Greek singer Maria Farantouri and jazz


This video is called Charles Lloyd and Maria Farantouri – Athens Concert (Excerpt).

By Chris Searle in Britain:

Charles Lloyd and Maria Farantouri
Athens Concert
(ECM)

Tuesday 20 November 2012

I sit looking at the one o’clock news. There is a 24-hour strike in Athens and mass protests against severe austerity policies, a record unemployment rate of 24 per cent and spending cuts in welfare, education, health and pensions of €11.5 billion.

The message of the streets pours from the lips of one interviewed protester.

“We strike against the measures that will destroy our lives,” she declares. “We cannot sink any deeper, or the Greek people will die. It is like we are at war.”

Words of September 2012 which echo the sounds of a concert held in Athens in June 2010, at the very foot of the Acropolis, the living result of a deep friendship between the veteran Memphis-born tenor saxophonist Charles Lloyd and the Greek singer Maria Farantouri, of whose voice Lloyd wrote: “It can soothe, excite, inspire and lift us to the Hyperions.”

Precious verbs indeed for the Greek people in their defiant struggle against the hugely powerful forces of the combined European Central Bank, the EU Commission, the IMF and their own compliant government – with the growing menace too of the fascism of Golden Dawn and its connections with the Greek police.

With Lloyd are his trio, three youthful veterans of international music, and here deeply imbibing Greek song, musical poetry.

The drummer is Eric Harland who has played with an array of prime horns from altoists Kenny Garrett and Greg Osby, trumpeter Terence Blanchard, tenorist Joshua Redman, plus vibesman Stefon Harris and the epochal pianist McCoy Tyner.

Bassist Reuben Rogers also knows his way round the circuits and also spent time with Redman and New Orleans trumpeter Nicholas Payton.

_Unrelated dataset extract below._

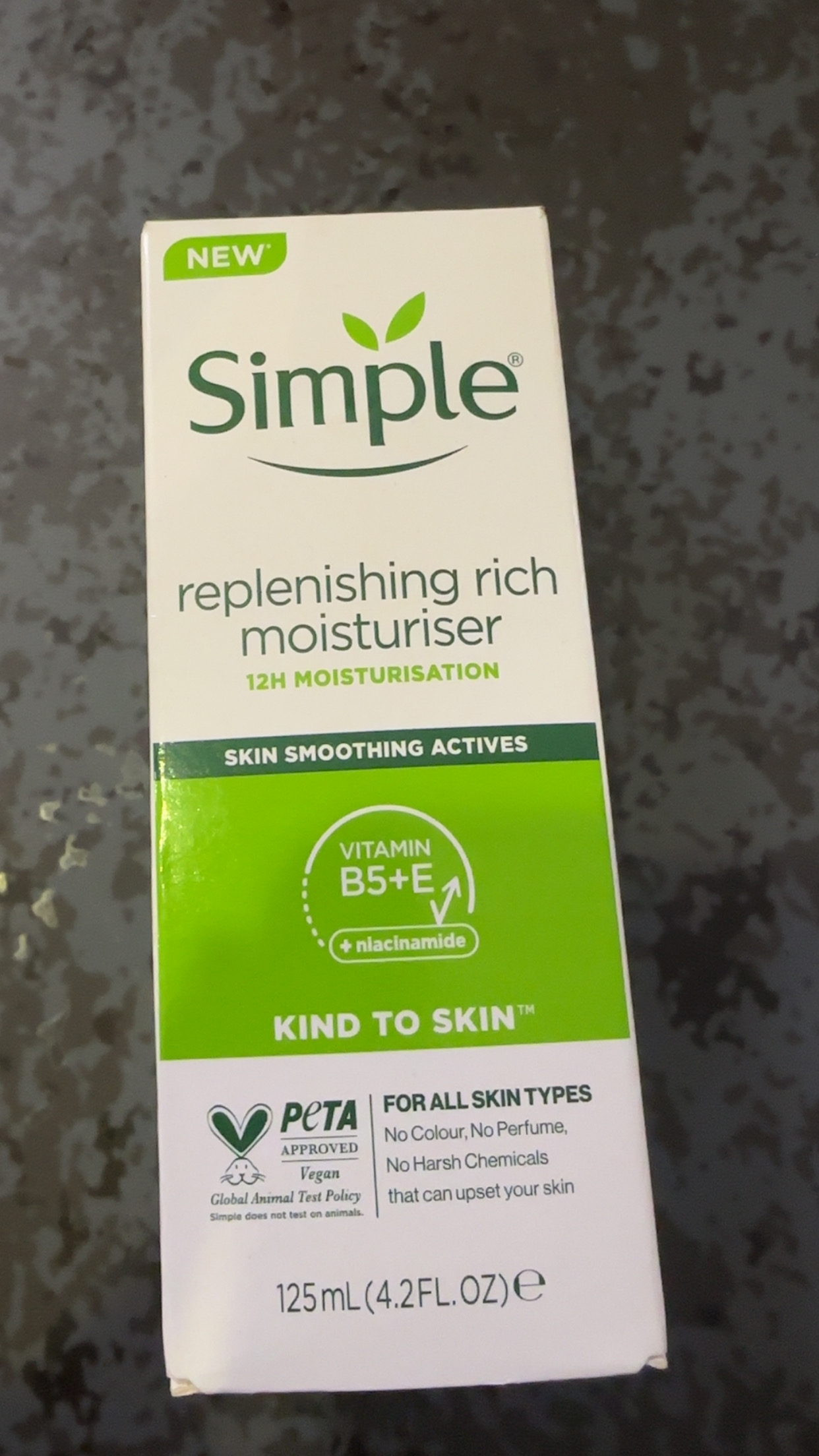 Simple Replenishing Rich Moisturiser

New York pianist Jason Moran is an experienced leader in his own right, with a batch of luminous Blue Note albums.

As for Lloyd, who the singer calls “a shaman of jazz,” the mass appeal of his performances goes back to his huge popularity at the 1966 Monterey Jazz Festival, his ’60s concerts at San Francisco’s rock venue the Fillmore or his tour of the Soviet Union.

He virtually retired from performing in the ’70s, becoming a teacher of transcendental meditation, but he returned in the ’80s with a new quartet, relentless touring and a series of powerful albums.

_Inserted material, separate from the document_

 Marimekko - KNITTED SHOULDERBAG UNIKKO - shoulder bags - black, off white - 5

The tunes of the Athens Concert are mostly Greek traditional songs, but with two by Lloyd.

Some of them have a truly transplanted taste of the Aegean Blues like Lina Nikolakopoulou’s lyric, Oh Eyelid!, where Farantouri gently demands, “My closed eyelid, / ah, my lucky one! / Don’t come out, dawn star, / don’t be afraid!”

The new imperatives of the Greek people are just as urgent, and they sound out with a potent intensity in Farantouri’s sublime voice and Lloyd’s floating, mystical horn.

Farantouri has been a consistently insightful interpreter of the songs of the Greek people since, as a young woman of 20, she went into exile after the 1967 fascist coup. Her voice has also coaxed the meaning and beauty from the words of Lorca, Yannis Ritsos and Brecht.

But listen to her sing the Seferis poem I Kept Hold Of My Life, with Lloyd’s buoyant obbligatos and Moran’s gentle phrasing.

Or Agathi Dimitrouva’s Requiem of bleak times when “silent shadows / lean over the earth / like trees hanging in midair / with no roots in life.”

Is this how the Greek people feel, now? Yet Moran plays with such optimistic fluency it is as if his empathy is total.

Lloyd blows lyrically and not without mystery on his own Dream Weaver, where Rogers’s bass rings, Harland’s drums clip with Moran’s chiming chorus, but it is with the traditional Greek tunes where his internationalism is invoked like a Robeson of the saxophone.

On the folk tune from the Dodecanese Islands, My Little Sea, his flute dances in the waves with the lyre of Socratis Sinopoulos.

Through the love song from the Epirus region, Little Lemon Tree, Harland’s drums crash and Lloyd’s notes warble powerfully over the roofs of the ancient city.

In the Black Sea song The Castle Of The Sun the fierce pace of the Greek lyrics are matched by Lloyd’s own very American chorus, with the ancestral sounds of Lester Young burning in his notes.

The closing track is the Epirus lament My Yanni about the pain of leaving your home for “lonely foreign lands,” a feeling shared by the many migrant peoples in Greece.

The universal, common theme is understood intuitively through Lloyd’s airy solo, and the two pianos of Moran and his Greek confrere Takis Farazis shared in combined understanding and solidarity.

Athens Concert is a resonating double album and you will hear its melodies, improvisation, poetry and artistry whenever you see the defiance and resistance of the brave people of Greece.